The truth is, while it’s definitely important to protect your credit score, it’s also not as daunting a task as many people assume. Let’s take a look at the many financial activities that leave no mark on your credit.

What doesn’t hurt your credit score

There are several different types of credit scores, and each is calculated a bit differently. Most lenders rely on your FICO Score, which is issued by the Fair Isaac Corp. (Although, there are even different variations of the FICO Score.) In general, these eight things won’t affect any credit score your lenders are likely to consider.

1. How much you make

Whether you’re bringing home big bucks or barely pulling in minimum wage, your salary isn’t listed on your credit report. Now, it may be factored into a lender’s decision to grant you a loan or credit card and affect the interest rate you’re given, but it won’t move the needle on your FICO Score.

2. How much you have saved

If you’ve done a great job saving for a rainy day and have a boast-worthy balance in your savings account, good for you! It’s not good for your credit score, however. It’s not bad either, it’s just not a factor that’s taken under consideration.
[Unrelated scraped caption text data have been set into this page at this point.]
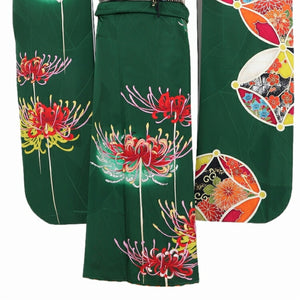 振袖 レンタル 緑 【緑彼岸花 N-spice】 振袖 レンタル 成人式 シンプル 結婚式 レトロ かっこいい 【レンタル】 大正ロマン 振袖 レンタル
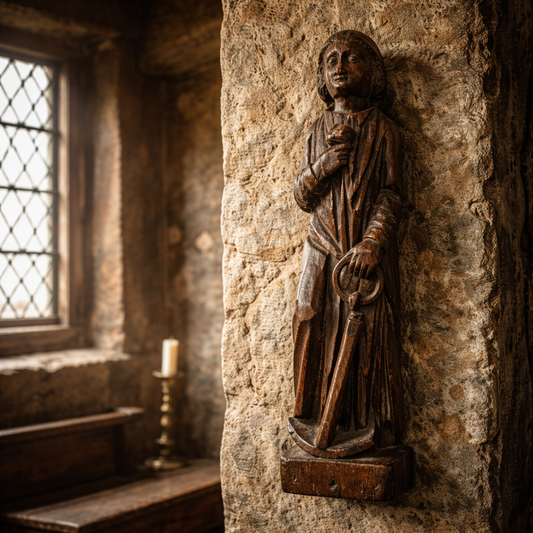 17th‑Century English Antique Carved Oak Term – Symbolic Figure of Hope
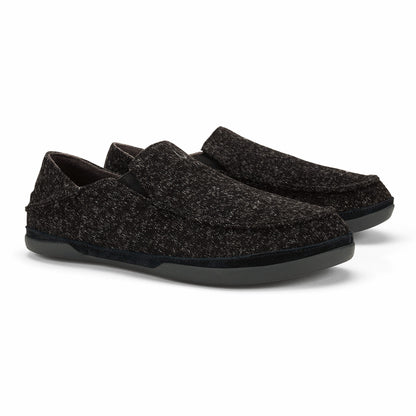 Olukai Moloā Hulu Wool Slippers - Black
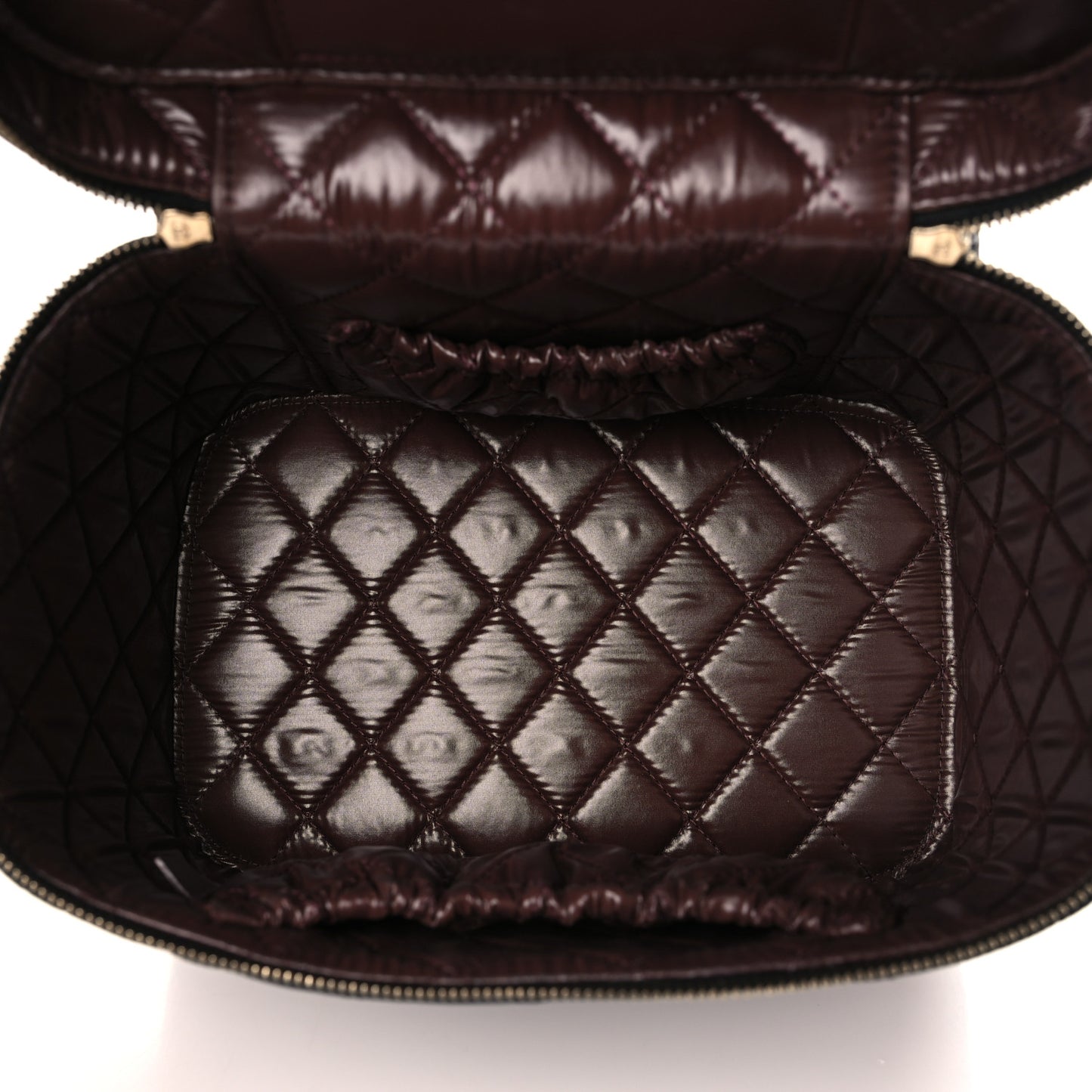 Caviar Quilted Large Vanity Pouch Black
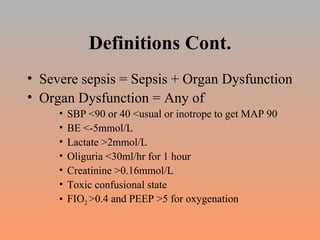 Definitions Cont. Severe sepsis = Sepsis + Organ Dysfunction Organ Dysfunction = Any of  SBP <90 or 40 <usual or inotrope to get MAP 90 BE <-5mmol/L Lactate >2mmol/L Oliguria <30ml/hr for 1 hour Creatinine >0.16mmol/L Toxic confusional state FIO 2  >0.4 and PEEP >5 for oxygenation 
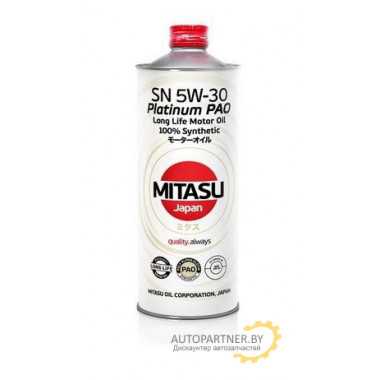 Моторное масло MITASU PLATINUM PAO SN 5W-30 / MJ-111-1 (1л)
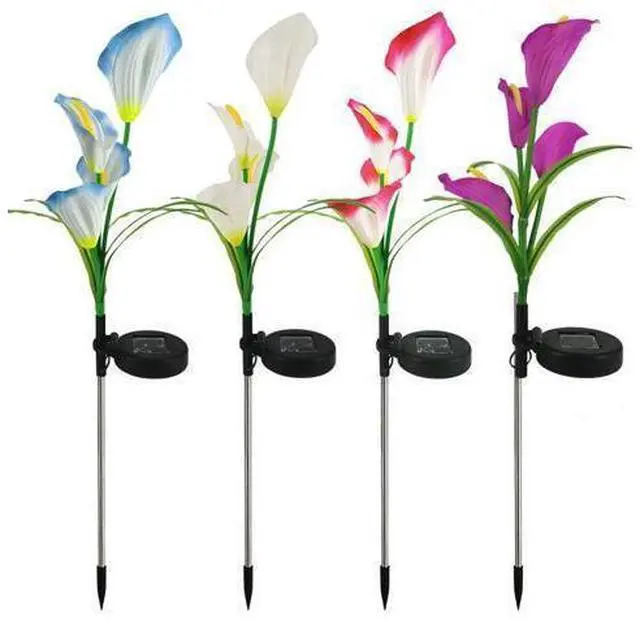 Alt view image 7 of 7 - 4 Pack Solar Garden Calla Flowers Lights, LED Soalr Outdoor Lights Decor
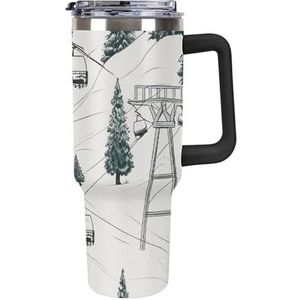FHESDCW Skilift met dennenboom, grote capaciteit autobeker 40 oz roestvrijstalen beker met handvat geïsoleerde waterfles met rietje en deksel bedrukte mokken past in de bekerhouder van de auto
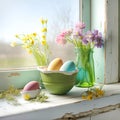 Beautiful Easter composition with colorful pastel eggs wildflowers on rustic wooden windowsill in a rural house. AI generated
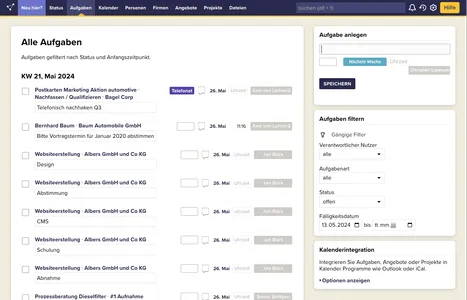 Aufgaben-Übersicht im CRM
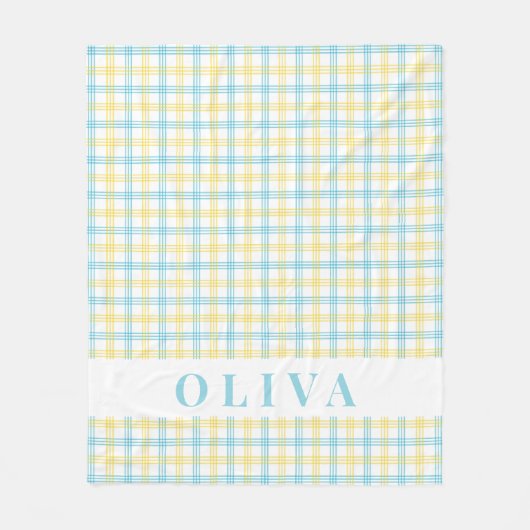 Pastel Yellow Blue Plaid Custom Name フリースブランケット (正面)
3. Your personal demographics

Where you live, your marital status, your age, race, religion — none of that is considered when determining your credit score. In fact, it’s against the law to do so, according to the Consumer Credit Protection Act.

4. Your credit card interest rate

So, you scooped up a credit card with a sky-high interest rate. Yikes! That’s definitely not great for your bottom line, but it doesn’t factor into your credit score. The score keepers are more concerned with the amount of available credit you’re using than the interest rate you’re paying on that debt.

5. Unemployment

Losing your job can be painful, but don’t stress about it affecting your credit score. Neither your employment status nor any unemployment benefits you receive ever appear on your credit report. Of course, if losing your job keeps you from paying your bills on time, or forces you to max out your credit cards, then your score may take a hit. But the fact that you’re unemployed alone isn’t a factor in calculating your credit score.

6. Credit counseling

If you’re receiving or have received credit counseling, be proud that you’re trying to get your debt under control. But don’t expect it to move the needle on your credit score. If you repay a debt that has been negotiated through a credit counseling program or debt management plan, there may be a note indicating that on your credit report. But it won’t negatively affect your score. Paying off your debt, on the other hand, will give your score a boost in many cases.

7. Checking your credit report

While multiple hard inquiries by credit card companies in a short period may drag down your score, checking your own credit score or reports will not. In fact, it could indirectly help improve your score if you find errors on your report and have them corrected. As many as 1 in 5 credit reports contain errors, according to the Federal Trade Commission, so it’s definitely worth taking a look.

8. Being denied credit

If you apply for a loan or credit card and are turned down, the refusal may sting. But it won’t be factored into your credit score. Your rejection is yours to mourn privately.

What hurts your credit score the most?

So, what does hurt your credit? The biggest factor when it comes to your FICO Score is your payment history, accounting for 35% of your score. If you pay your bills late or let them go to collections, your score will definitely get dinged.

The next biggest determining factor is amounts owed. It’s not so much the total amount you owe though, but rather how much of your available credit you’re using. For example, someone who has $20,000 in debt but $100,000 in credit available to them may be better off than someone who has just $2,000 in debt but only one credit card with a limit of $2,500.

Bottom line

Your credit score is, undeniably, important. However, you don’t have to have to worry about every little move you make affecting it. Do what you can to pay your bills on time, use credit cards wisely and limit debt in general and, in most cases, you’ll be able to dodge major dings.